America's college Football Bowl Subdivision (FBS) has a history
of controversy when it comes to picking a champion. And a history
of proposed solutions. I've decided to examine how well those
solutions would have worked if applied to previous seasons.
The football background
If you're a football fan, you can skip this section.
The FBS has one unusual property. Unlike every other organized
college sport in the US, and every other nationally organized
sport anywhere in the world, it has no clear cut way to pick a
champion for each season. Instead, various groups - some as small
as a single person - analyze the games played during the season
and rank the teams according to that play, with the highest ranked
team at the end of the season being crowned "champion". If the
major groups agree with each other, there's a "consensus
champion". If not, then you have a controversy.

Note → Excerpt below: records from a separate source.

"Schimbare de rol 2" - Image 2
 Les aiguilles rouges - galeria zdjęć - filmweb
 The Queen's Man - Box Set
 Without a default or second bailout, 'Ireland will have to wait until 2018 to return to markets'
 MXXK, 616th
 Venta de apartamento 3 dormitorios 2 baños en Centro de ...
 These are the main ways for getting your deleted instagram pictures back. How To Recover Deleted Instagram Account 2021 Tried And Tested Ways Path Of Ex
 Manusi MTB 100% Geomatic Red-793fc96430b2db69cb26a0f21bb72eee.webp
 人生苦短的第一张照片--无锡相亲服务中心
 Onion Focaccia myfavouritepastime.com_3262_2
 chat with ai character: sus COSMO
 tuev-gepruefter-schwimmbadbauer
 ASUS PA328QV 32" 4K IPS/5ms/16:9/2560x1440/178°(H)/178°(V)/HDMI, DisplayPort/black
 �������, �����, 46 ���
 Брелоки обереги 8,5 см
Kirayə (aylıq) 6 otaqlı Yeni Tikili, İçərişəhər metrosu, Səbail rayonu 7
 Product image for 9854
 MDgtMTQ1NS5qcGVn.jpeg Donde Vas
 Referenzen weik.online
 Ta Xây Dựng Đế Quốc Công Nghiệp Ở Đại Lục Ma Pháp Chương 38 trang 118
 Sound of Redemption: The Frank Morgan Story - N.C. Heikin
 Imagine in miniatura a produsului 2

People familiar with other sports might be amazed that there's
ever a consensus. However, FBS teams play few enough games that
winning every game in a season is possible, and it's not at all
unusual for one or more teams to be undefeated in a season. It's
also hard enough that it's not unusal if there are no undefeated
teams at the end of a season.
So the most important criteria any ranking system considers is
"number of losses and ties". (Football fans who decided to read
this section are now saying "But what about non-AQ schools". For
now, I'm going to ignore that, and I'll justify doing so in the
sequel.) The other criteria are where the controvery comes in, as
a case can be made that any two undefeated teams are equally good,
and ditto for any two one-loss teams (provided they haven't played
each other), etc.
The proposed solutions - short of an actual playoff, also to be
discussed in the sequel - involve picking some small number of
teams from the top to play each other. This system has actually
been in use since the 1992 season to pick the top two teams. It
doesn't seem to be any less controversial, and the formula for
picking the two teams has been adjusted nearly continuously to try
and deal with those controversies. A "plus-1" system gets a lot of
talk, even though it has multiple definitions, but usually
involves picking the top 4 teams.
The task
Since the FBS has a controversy any time either a clear winner
fails to emerge, or - since the Bowl Coalition and it's succesors
starting picking two teams for a championship game - if there's not
a clear choice of two teams, the goal of the project is to see how
often picking either 1, 2 or 4 teams (historical, current and
"plus-1" approaches) who get a chance to play for the national
championship would have done on previous seasons.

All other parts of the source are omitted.